Debates on marriage patterns

How can we study the relationship between institutions for collective action and marriage patterns?

  

There are several domains in which we can expect to find significant influence of marriage patterns on the formation and functioning of guilds. The most important may be the rules of access -in particular the type and duration of apprenticeship- and the access to guilds for women, and the position of (unmarried) journeymen within the guild. For apprenticeship we first of all need to consider the impact of the European Marriage Pattern (EMP) as a whole on human capital formation within the guilds. It has been argued that the EMP had a strong impact on the level of human capital formation of both boys and girls (De Moor and Van Zanden, 2008). In regions where human capital formation was more highly valued, the apprenticeship system may have been more widely practiced within the guilds. The fact that there was neo-locality in North-Western Europe may have stimulated the creation of a system of institutionalised apprenticeships.

If this view is correct, one would expect knowledge transfers in Southern Europe to be more likely between father and son, and thus not to require institutionalised apprenticeship. Secondly, there is a potential connection between the length of apprenticeship and age of marriage. Marriage ages in North-Western Europe were, in comparison with Southern Europe, remarkably high for both men and women. Did late marriage influence the apprenticeship, and vice versa? The other domain of the guilds where marriage patterns may have had an impact is the access and participation of women in the guild system. Here the average age at marriage of women may have been significant. We may assume that wherever women married early in life, and thus did not have an opportunity to work as wage labourers, they would be unable to enter the guild as independent craftswomen. Likewise we need to consider the position of widows within the guild, both as partners of their master-husbands and as their successors.
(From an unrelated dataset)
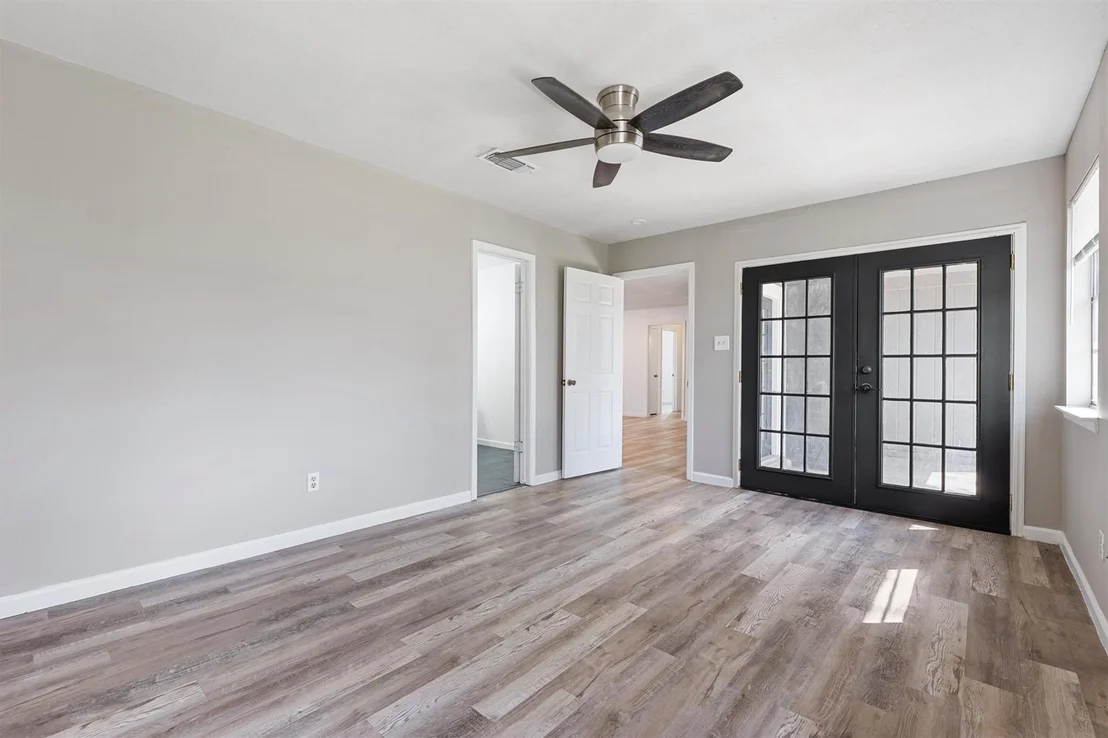 Photo of 1106 Hackberry DR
Beguinages can in many ways be linked to changes in marriage practices. One of the most obvious connections is the large number of single women as an important characteristic of the EMP. Women could be employed in town, or work as textile/embroidery workers at the beguinages and also live in these institutions. For a number of the beguines this was a temporary solution; beguines could leave the beguinage to marry. At the same time it was a refuge for widows who did not wish to remarry, or could not count on the support of their children.
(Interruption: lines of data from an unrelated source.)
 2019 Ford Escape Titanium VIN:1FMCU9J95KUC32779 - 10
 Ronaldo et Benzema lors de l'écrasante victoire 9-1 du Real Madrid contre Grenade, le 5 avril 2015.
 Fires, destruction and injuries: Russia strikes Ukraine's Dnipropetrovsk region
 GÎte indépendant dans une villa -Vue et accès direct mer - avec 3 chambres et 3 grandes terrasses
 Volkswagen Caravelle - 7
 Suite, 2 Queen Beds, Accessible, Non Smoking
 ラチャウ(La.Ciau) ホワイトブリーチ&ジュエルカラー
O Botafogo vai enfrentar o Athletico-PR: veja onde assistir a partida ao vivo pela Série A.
Women known as beguines generally came from the middle class and lived in urban environments. Their independence from the ‘patriarchal’ world was expressed in their way of life: their households excluded males, the beguine communities were only loosely connected with each other, and clerical authorities oversaw them only informally. Many aspects make this way of life exceptional: the relative independence from the clerical and secular authorities, their economic autonomy, and the fact that they were communities founded and managed by women, independently from each other. Their independence from 'male authority in marriage and in the church' was previously unknown in Western culture. The position and large number of beguines in the towns of the Low Countries (Simons, 2001), the adjacent regions in Northern France, and in the vicinity of Cologne suggest that this movement was linked to changes in the demographic and socio-economic position of women, and not the result of some ‘top-down’ initiative by, for example, the Church. It is also well-known, albeit little studied, that beguinages often encroached upon the privileged arena of the guilds, as they were active as textile workers. Textile guilds often protested against the commercial activities of the beguines.

The same applies to the commons, but earlier analyses of the regulation of historical commons have already shown that the way in which access to the commons was regulated was also dependent on local family patterns. Some commons in Western Europe — such as the markegenootschappen in the Eastern Netherlands — explicitly emphasised family relations to former members as a condition for membership (Hoppenbrouwers, 2002). Elsewhere, e.g. the Campine area north of Antwerp, this was of a lesser, or no importance at all. The use of family ties as a criterion for access may restrict the number of members in a situation where natural resources need to be carefully safeguarded from overexploitation, but in times of population growth such solutions may prove insufficient. It has been noted that other conditions — such as restrictions to male family members, or the exclusion of in-laws — are often introduced in these circumstances (De Moor, 2002), thus giving marriage and gender a regulating role. Another aspect of common land arrangements is the social security provision by some of these commons, in particular for widows.